I was so excited when I initially left the interview last month with the professional blogger. I was so eager to become successful at this and to follow her plan to get there. I was also very overwhelmed. Trying to get over 1000 followers on Pinterest is no small task. Especially when you can only follow about 300 people per day and only about 5-10% of those people will follow you back. That was her first step. The KEY step in me being successful. And it was taking forever.
Between that and the pressure to refine my blog, talk about one specific topic, and not veer off course, I got really stressed out. What the hell was I going to talk about? I changed my site, my focus, all of it. But then I hit a block. I completely psyched myself out of this whole blog thing. Of course that happened AFTER I signed up for the $50/month course on professional blogging. Because why would I start doubting myself before that?
What it comes down to is this: I don’t know enough about any one topic to be consistently interesting about that topic. I know varying degrees of information on tons of random topics. That’s what made me a great bartender. All the useless information just floating around up in my head. If you know me, you know how randomly my mind works. I can make the weirdest associations for people and situations out of the blue.
I can talk to you about what I know about finances and savings. I can research on the internet and on Pinterest to find articles to back up my claims and even suggest new things for you to try. But all that amounts to is me spitting out someone else’s words. That’s not creativity. That’s fraud. I can tell you my cleaning strategy for keeping a clean house. It’s not that exciting, and frankly, there are days when I say, Screw it! and don’t do anything around the house. I’m human. I can tell you all about my pregnancy and every fun and gross thing that’s happening with my body right at this moment, but do you honestly care? Only if you know me. And even then, not really.

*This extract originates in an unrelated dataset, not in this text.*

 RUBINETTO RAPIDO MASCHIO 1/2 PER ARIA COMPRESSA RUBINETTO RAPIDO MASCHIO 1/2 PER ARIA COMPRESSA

So, I decided to take the professional’s advice, but to take it with a grain of salt. I will follow her strategy for getting followers and gaining a fan base. That seems pretty legit. But I’m also going to stay true to me and talk about whatever the hell I want to on any given day because that’s who I am. I’m all over the place. And I’m okay with that. I got into this to have fun with it, to see where it could take me, and to reach out to people… And I’m going to do it my way. I really hope you take the journey with me.